Pictures aside, please retype the whole listing word for word.

**********

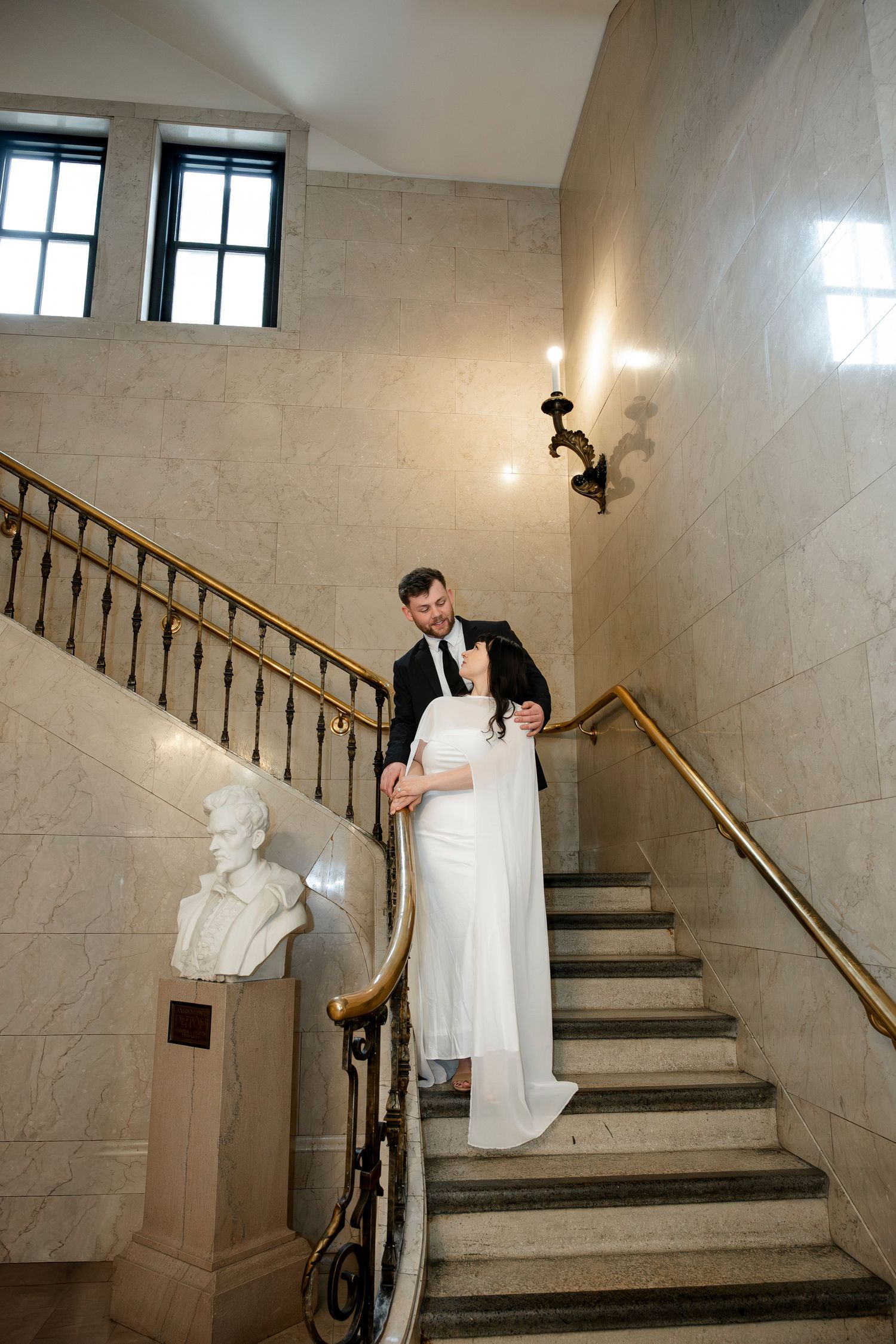 Bride and groom descend marble staircase with gold railing beside classical bust sculpture.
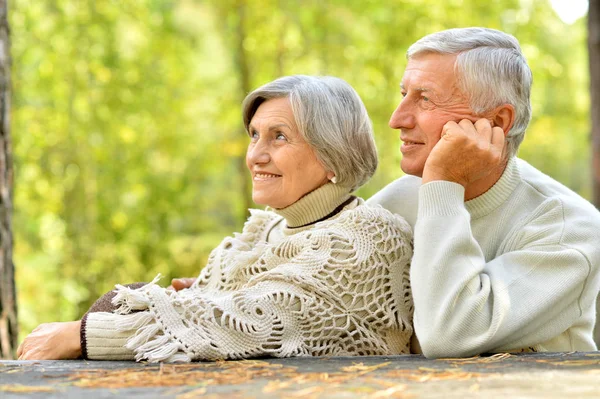 Elderly couple at table in forest — Stock Photo, Image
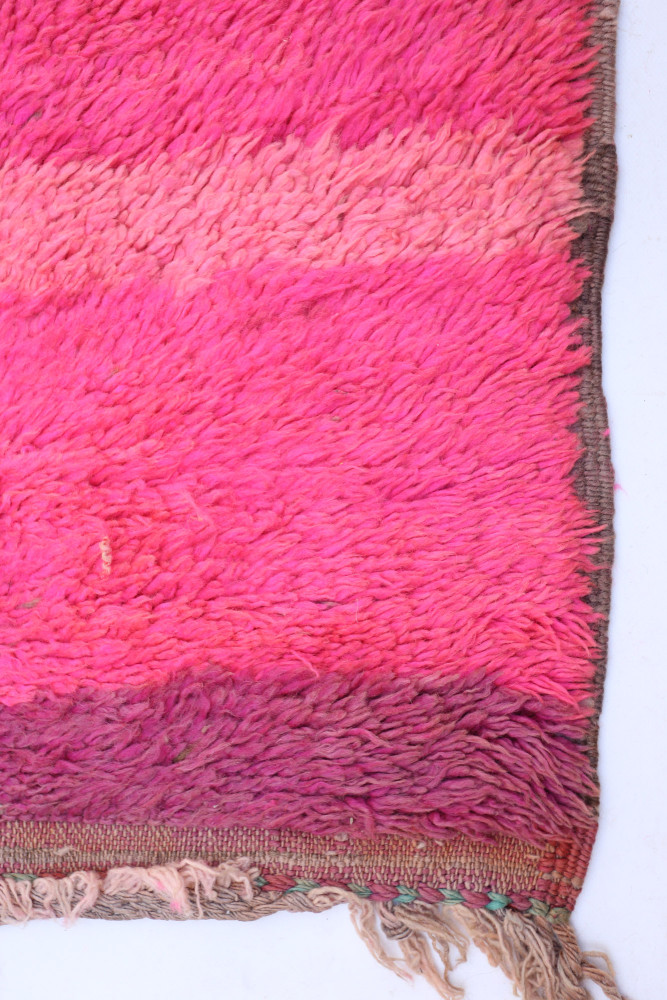 Tapis berbère aux teintes roses dégradées, à la texture douce et aux motifs minimalistes pour un style moderne et chaleureux.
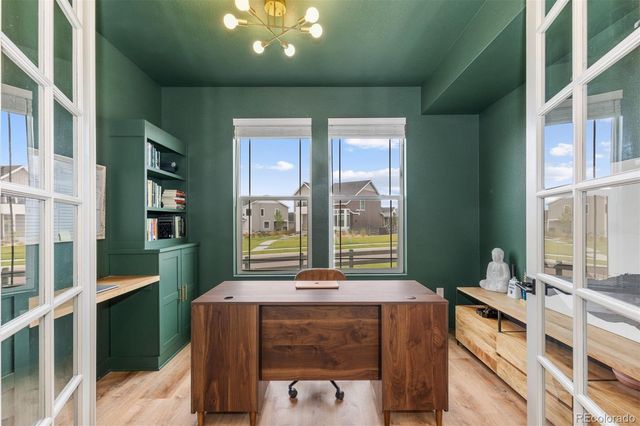 a room with pool table and windows
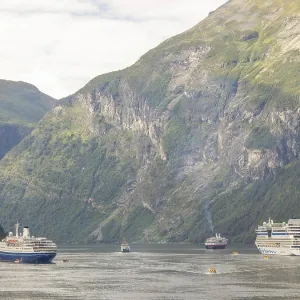 Cruise ships sail through a fjord in front of impressive mountains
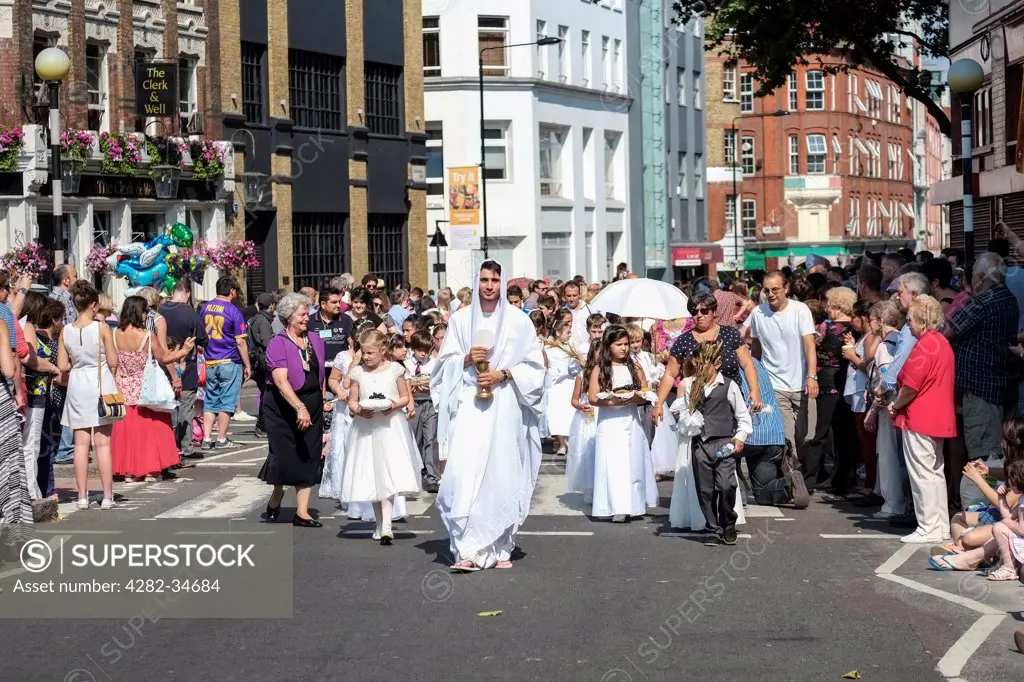 England, London, Clerkenwell. Thousands of people watch as the Procession in Honour of Our Lady of Mount Carmel makes its way along Clerkenwell Road in London.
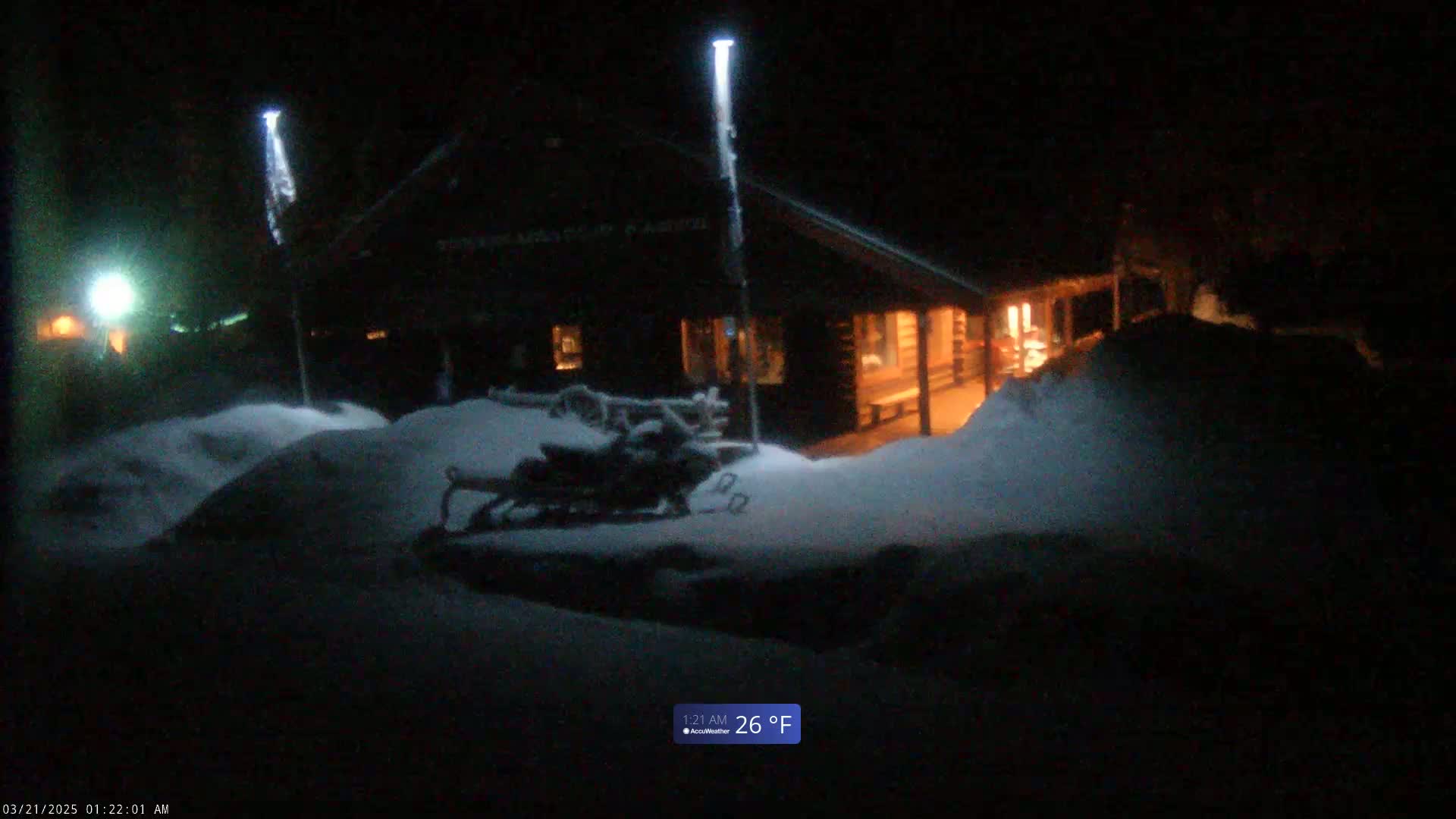 A snow-covered snowmobile sits outside a lit-up log cabin at night in the snow.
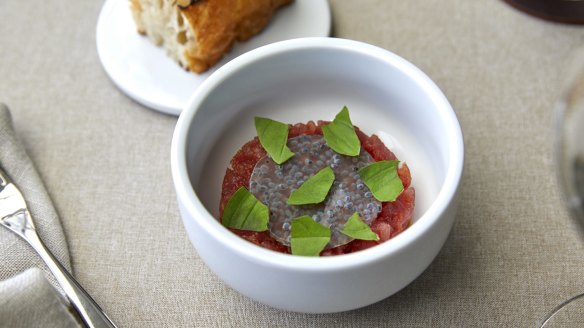 Go-to dish: Yellowfin tuna with oxheart tomato, burrata and basil.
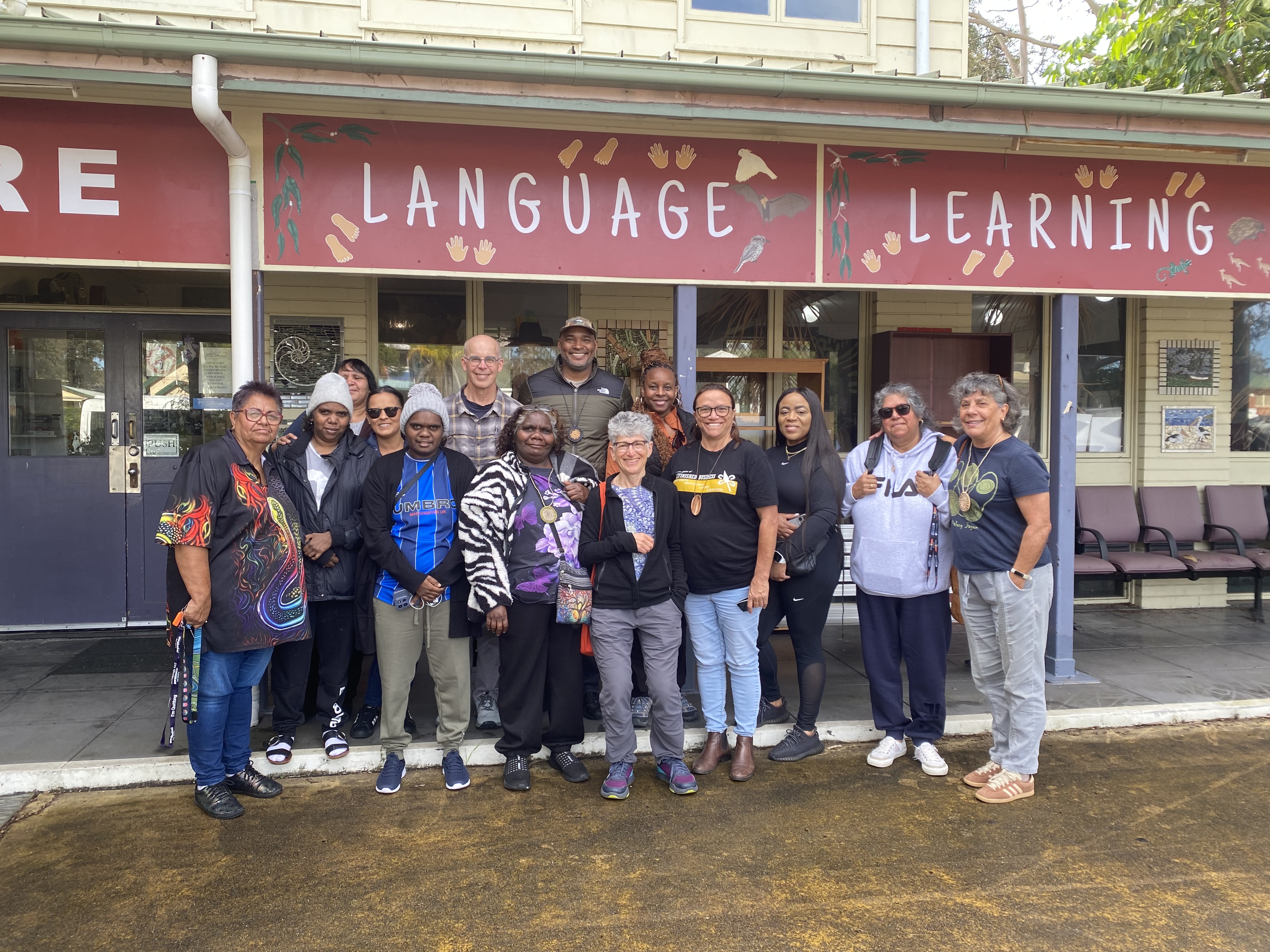 the Blak Excellence Learning Exchange participants smiling in a group photo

**********

## RESULT BELOW
 Bride and groom descend marble staircase with gold railing beside classical bust sculpture.
 Elderly couple at table in forest — Stock Photo, Image
 Tapis berbère aux teintes roses dégradées, à la texture douce et aux motifs minimalistes pour un style moderne et chaleureux.
 a room with pool table and windows
 Cruise ships sail through a fjord in front of impressive mountains
 England, London, Clerkenwell. Thousands of people watch as the Procession in Honour of Our Lady of Mount Carmel makes its way along Clerkenwell Road in London.
 A snow-covered snowmobile sits outside a lit-up log cabin at night in the snow.
 Go-to dish: Yellowfin tuna with oxheart tomato, burrata and basil.
 the Blak Excellence Learning Exchange participants smiling in a group photo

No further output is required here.